Delivering a greener future
Delivering packages is one thing. But delivering a five-month organic farming course to 200 school kids can make for heavy lifting.
Thankfully for FedEx Express (FedEx), which recently achieved this goal through its "We Deliver Green! Classroom" programme, much of the heavy lifting came from within.
Over 40 FedEx employees voluntarily carried out the initiative. In doing so, they not only enriched the lives of the participating youths, but also their own - thereby reaffirming the carrier's status as a community-conscious employer of choice.
"At the end of the day our employees and customers want to know they are doing business with a company that cares about local communities," says Julia Khong, FedEx's corporate communications manager for Asia-Pacific.
Khong, whose team oversees all of the company's corporate social responsibility efforts in the region, developed the programme in collaboration with the Jane Goodall Institute (JGI), a global organisation committed to inspiring young people to care for animals and the environment.
Like JGI, FedEx was also looking to raise environmental awareness among children. The carrier was specifically interested in teaching them about sustainable-living practices, a move that would tie in with its continuing bid to cut the emissions and fuel consumption of its operating fleet.
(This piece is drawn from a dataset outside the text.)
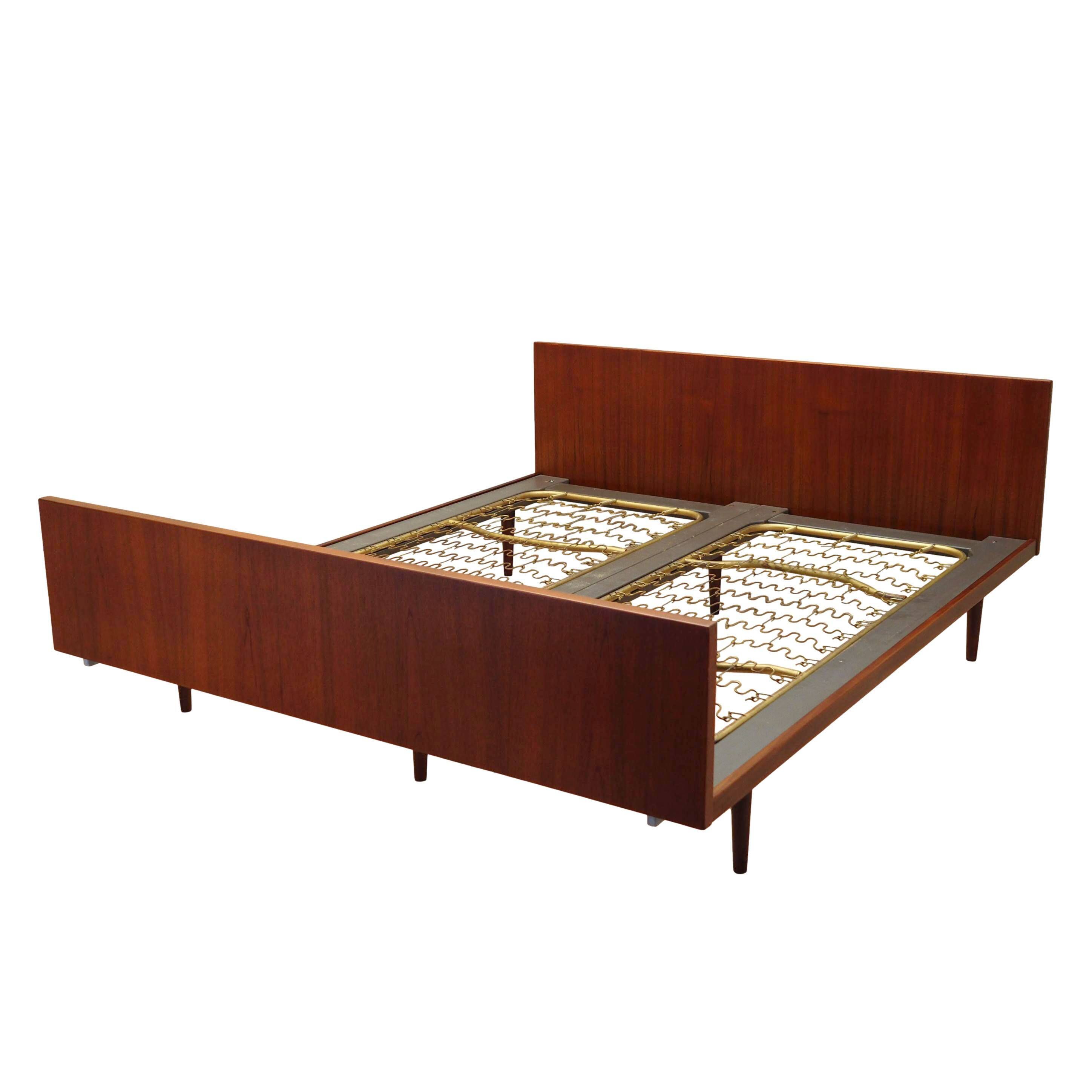 Lit en teck, design danois, années 1960, designer : Hans J. Wegner, fabricant : Getama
"We wanted to demonstrate ways to reduce pollution through changes in day-to-day behaviour, including the making of more environmentally conscious food choices. What better way to effect change than to raise awareness through schools, which has a cascading effect where children learn through the programmes and then go home to share what they learned with their parents," Khong says.
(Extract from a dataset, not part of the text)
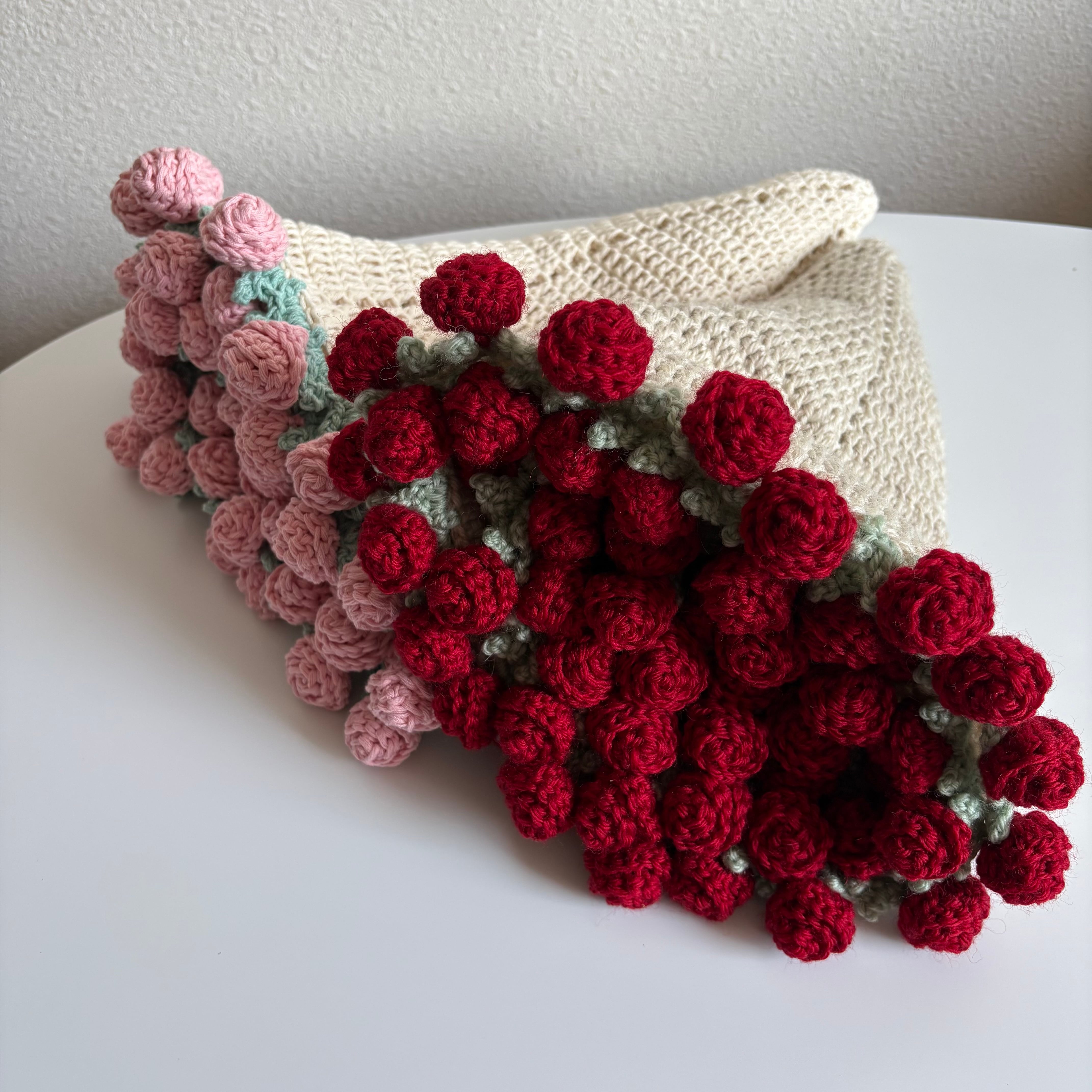 バラのブーケブランケット | TSUMUGI かぎ針編み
The programme itself also underwent a cascading effect of sorts. It was first started in Taiwan, where it enjoyed notable success, prompting a decision to launch a second campaign in Hong Kong earlier this year.
JGI oversaw the planning phase of the programme - as it also did with the programme's initial iteration in Taiwan - which involved soliciting participating primary schools and farms, and preparing teaching materials. FedEx supervised the implementation phase, which was made up of three parts.
The first involved several classroom sessions to teach students about the basics of organic-farming techniques. The students then applied this knowledge in the second part, where they were asked to plant their own selection of crops.
Once harvested, the crops were sold off in a FedEx-sponsored organic marketplace during the final phase of the campaign, with both students and FedEx employees serving as fruit and vegetable sellers.
This last part was the most rewarding for FedEx volunteer Peann Tam. "It gave us a sense of achievement, not only to sell the product to the customers, but to have the chance to transfer our knowledge about organic food to them in the process," she says.
Part of the human resources team, Tam also feels that by participating in the initiative employees gained a greater sense of kinship with the company.
"I was representing FedEx. By doing so I came to see that what it was doing was meaningful. It made me feel happy to be part of the firm. The programme helped engage employees and make them love and want to stay with the company more," she says.
Khong, too, speaks of a positive impact on the workforce. "From the feedback, they all felt that they were making a difference by passing positive environmental messages on to the next generation. They were very proud of the programme and the chance to be part of it," she says.
Khong adds that many staff were even willing to sacrifice their personal time. "Some of the work, such as the farming and harvesting, took place during the weekend, which required them to give up their free time. Other activities took place during work hours, requiring the discretion of managers, who were all highly supportive," she says.
That support appears to have paid off, according to JGI programme manager Joyce Lau. "The programme was more successful than we expected," she says, pointing to the large number of participants. "The students liked the course and the parents were very happy when their children brought home fruit and vegetables."
Lau adds that continued partnerships with companies like FedEx will help boost environmental awareness in Hong Kong, an outcome that could bear fruit for the community as a whole.